AI-Augmented Discovery of Turbulence-Granular Material Interactions for Sustainable Waste Management

Growing population, expanding global economy, urbanization with rising standard of living have dangerously accelerated waste generation in the world. It is expected to reach over 3.4 billion tons of waste per year by 2050, roughly a 70% increase.  One such goal involves separating the waste mix into different fractions, such as recyclable wood, metal, glass, and plastic, which in turn provides tremendous environmental benefits in terms of virgin material substitution, avoided energy demand, greenhouse gas emissions reduction, and water footprint. An unmet requirement for this technology is a thorough understanding of the principles that govern gas-solid interactions for these very complex granular mixtures.  Thus, there is a need for an "expert system" that can perform particle classification while extracting orientation information for a polydisperse, multiform particle cloud with "minimal monitoring."

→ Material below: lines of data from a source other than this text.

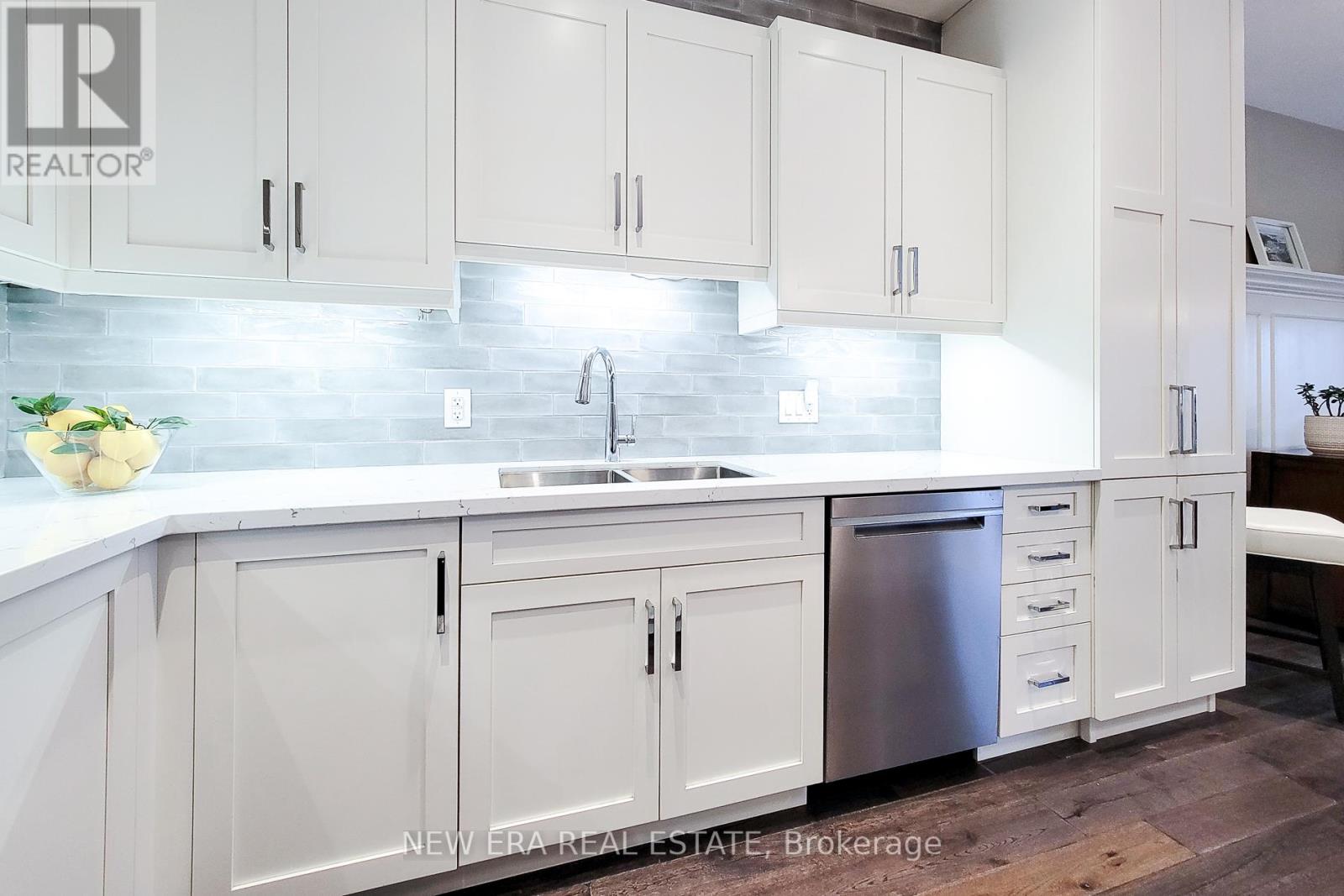 66a32dd8b7d1d2a5c9fc6e7058c2cd5b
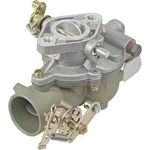 Oem Grade Updraft Carburetor Wisconsin Thd Tjd Zenith 0-13694 L-63-BC. Fixed Price $993.72.
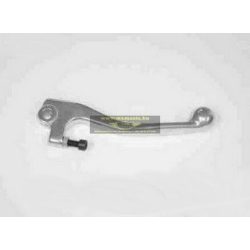 TMV HONDA CR/CRF '07- (KOVÁCSOLT) FÉKKAR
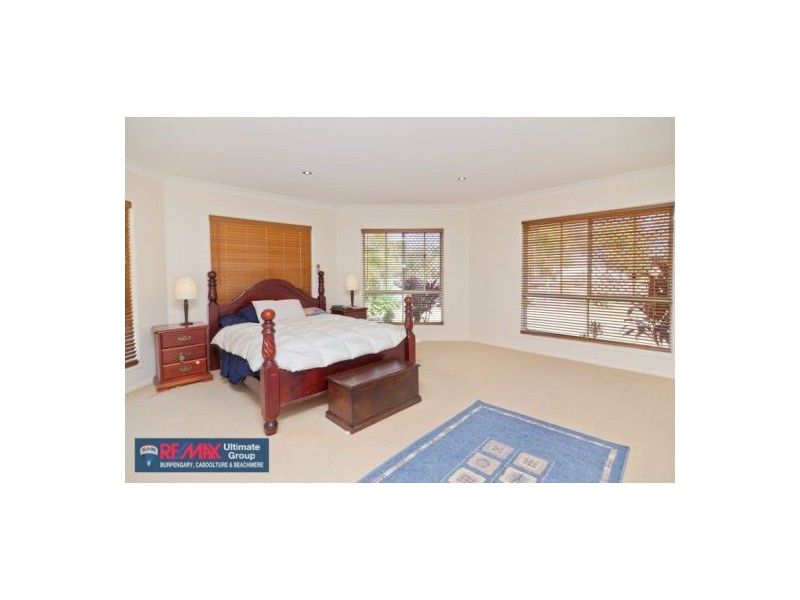 61 Canopy Place, Burpengary QLD 4505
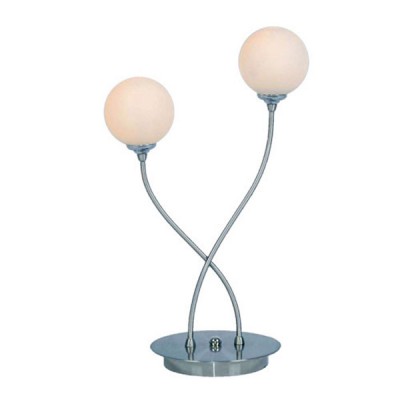 Настольная лампа Mw light 306030202 Оливия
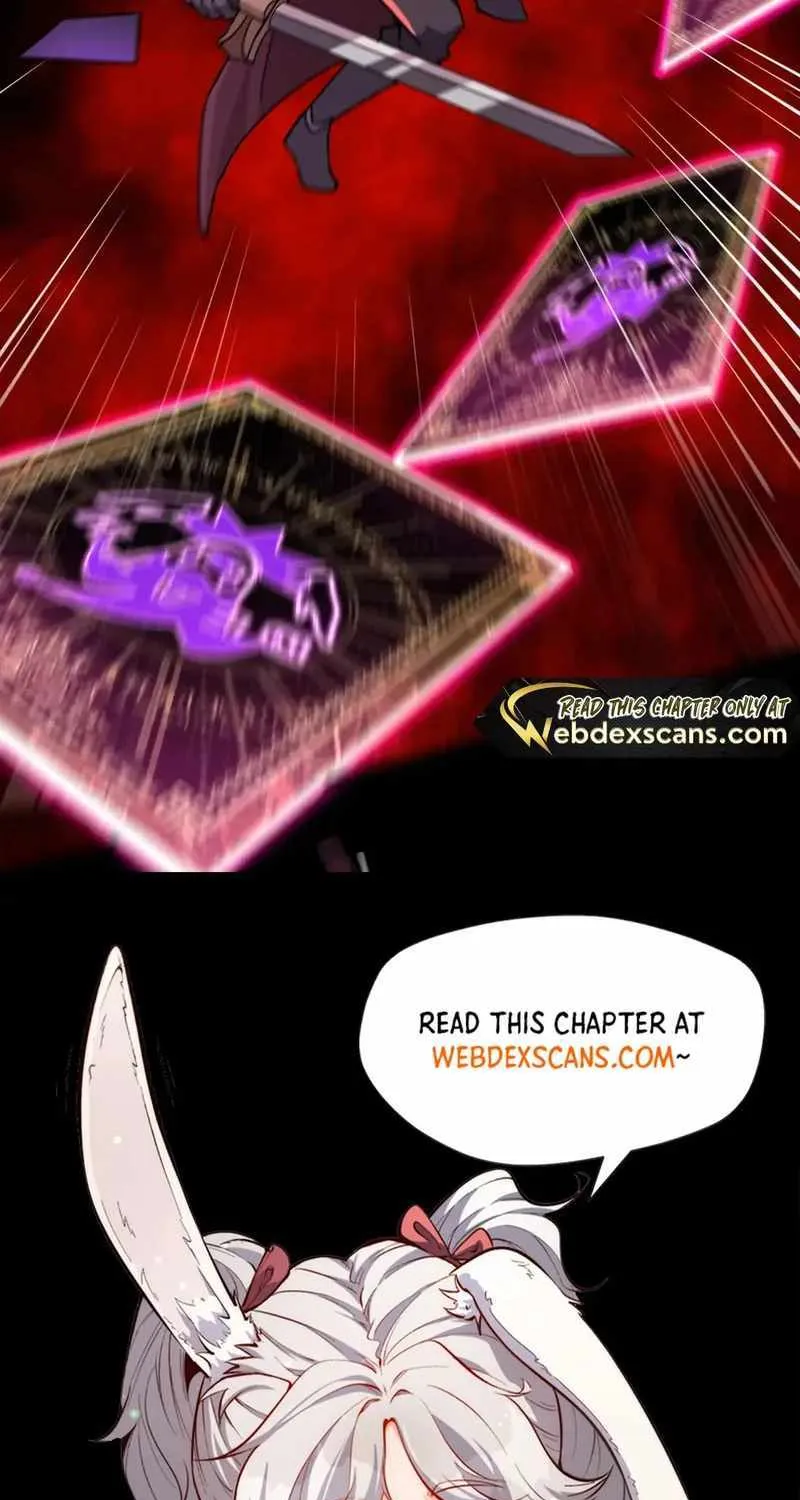 The Lone SSS-Class Summoner Chapter 106 page 67 - 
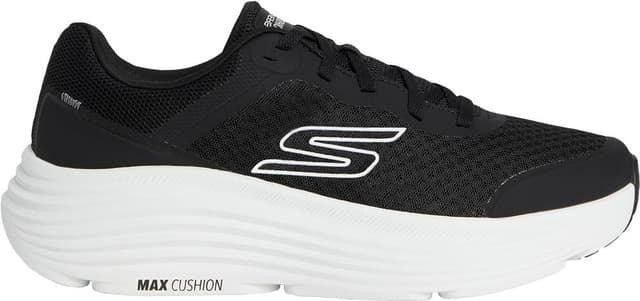 Tênis Skechers Max Cushioning Endeavour Masculino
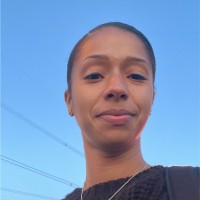 Tikira Saunders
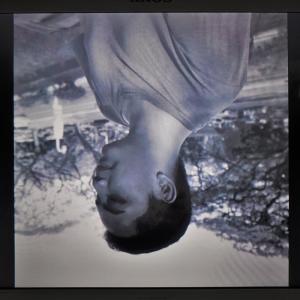 ดาวน์โหลดและฟังเพลง Smoke พร้อมเนื้อเพลงจาก Ryoku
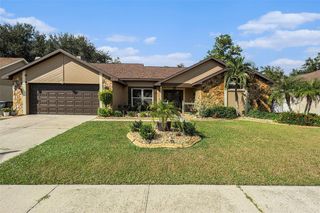 1612 OAK ARBOR LANE, Valrico, FL 33596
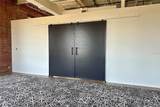 1234 5TH Avenue - Photo 19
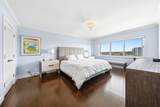 86 Macfarlane Drive - Photo 16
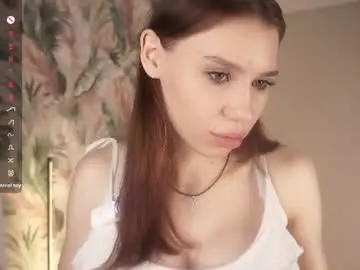 Chaturbate Private Sex Chat of _vi_vi_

In this project, the primary goal is to develop an AI-based platform to solve this image classification and orientation tendency problem for the waste separation process in the "zero waste" cycle. The platform will leverage two of the most triumphant implementations of narrow AI, image processing and generative learning, to accomplish both tasks. Following the successful demonstration of the developed particle field information extraction platform, the next step is to synchronize the model with a symbolic model and upgrade the platform to a "Neuro-Symbolic Particle Analyser" for the discovery of turbulence-granule interactions. This interface has the potential to help solve the problem of turbulence-granule interactions in a proactive manner by allowing us to explore the underlying dynamics and extract explicit correlations - an important strategic step towards achieving the goal of "zero waste cities".